8. The unified scheduling method for an enterprise-level multi-agent platform according to claim 7, characterized in that, The step of performing dynamic data adaptation processing on the upstream subtask and the downstream subtask includes: Call the preset code generation model, input the difference features between the expected output data pattern and the required input data pattern into the code generation model, and obtain the data conversion code; Configure the data conversion runtime environment, load the data conversion code based on the data conversion runtime environment, and encapsulate the data conversion code as an intermediate processing node; The intermediate processing node is inserted serially between the upstream subtask and the downstream subtask to complete the dynamic data adaptation process.
9. The unified scheduling method for an enterprise-level multi-agent platform according to claim 8, characterized in that, It also includes optimizing the execution process of the task request and the multi-objective optimization model, specifically: A task instruction message queue is established based on the unified scheduling center, and scheduling instructions are distributed to the heterogeneous intelligent agents according to the capability knowledge graph and the task instruction message queue. When multiple heterogeneous intelligent agents are detected to be contending for the same resource, the conflict is resolved according to the execution priority in the capability constraint label. When an abnormality is detected in the execution of a certain heterogeneous intelligent agent, a candidate heterogeneous intelligent agent with the capability matching the subtask is retrieved based on the capability constraint tag, and the execution instructions of the subtask are rescheduled to the candidate heterogeneous intelligent agent. The unified scheduling center records the entire process execution log and uses the entire process execution log and the result of the task request as feedback data to update and iterate the multi-objective optimization model.
10. A unified scheduling system for an enterprise-level multi-agent platform, characterized in that, The system is used to execute the unified scheduling method for an enterprise-level multi-agent platform as described in any one of claims 1 to 8; including: The central construction module builds a unified scheduling center.

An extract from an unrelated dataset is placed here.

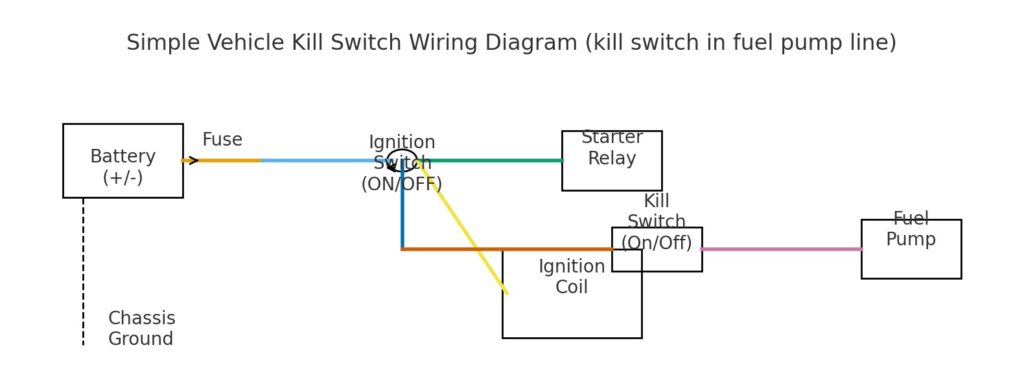 simple ignition kill switch wiring diagram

The unified scheduling center's communication connections include all heterogeneous intelligent agents and the capability description data corresponding to each heterogeneous intelligent agent. The graph construction module performs semantic normalization on the capability description data of each heterogeneous intelligent agent and constructs a capability knowledge graph. The task decomposition module, based on the received task request, decomposes the task request according to the capability knowledge graph to obtain an atomic task sequence, wherein the atomic task sequence contains capability constraint tags for each subtask. The task allocation module collects the real-time running status of each heterogeneous intelligent agent, and adaptively matches the sub-tasks based on the real-time running status and the capability constraint labels to obtain a global task allocation scheme. The collaborative execution module, based on the global task allocation scheme, drives the heterogeneous intelligent agents to collaboratively execute the task request.